In many ways the work represents a resource study with limited mechanistic insight at this stage. It is understandable that extended functional gene characterizations are beyond the scope of the study; however, in my opinion, the manuscript would be more interesting if it had been expanded on the characterization of selected genes expressed in various level in CQ24 and CQ46 plants (using RNAi or CRISPR approach) as a successful outcome of the analysis. The phenotypes detected in two types of plants, CQ24 and CQ46 respectively, should be backed up by independent BnMST-genes deficient homozygous mutants.

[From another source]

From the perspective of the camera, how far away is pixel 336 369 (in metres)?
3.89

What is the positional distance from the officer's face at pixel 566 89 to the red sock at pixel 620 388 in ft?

The authors used computer programs to predict the subcellular localization of BnMST proteins. There is some profit in using of such programs but sometimes they  are  highly unreliable.  To better explore the localizations and potential interactions of the BnMST the protein localization should be performed in living plant cells  (e.g. transient expression in  Nicotiana leaves).

The manuscript is logically organized and written in an understandable English.

Could  you please add details on the experimental design, e.g. the number of replicates?

Generally, the data are well presented and the manuscript is easy to read. The authors did the good job, and presented enough comprehensive data regarding the topic of study. However, I would  like to advice to perform additional experiments on plants.  In my opinion this manuscript requires revision.

Author Response

Dear Reviewer:
Thank you for the kind suggestions and comments, please see our responses in the attachment.

Author Response File: Author Response.docx

Round 2

Reviewer 3 Report

I think that the authors provided a reasonable reply for my major points of concern.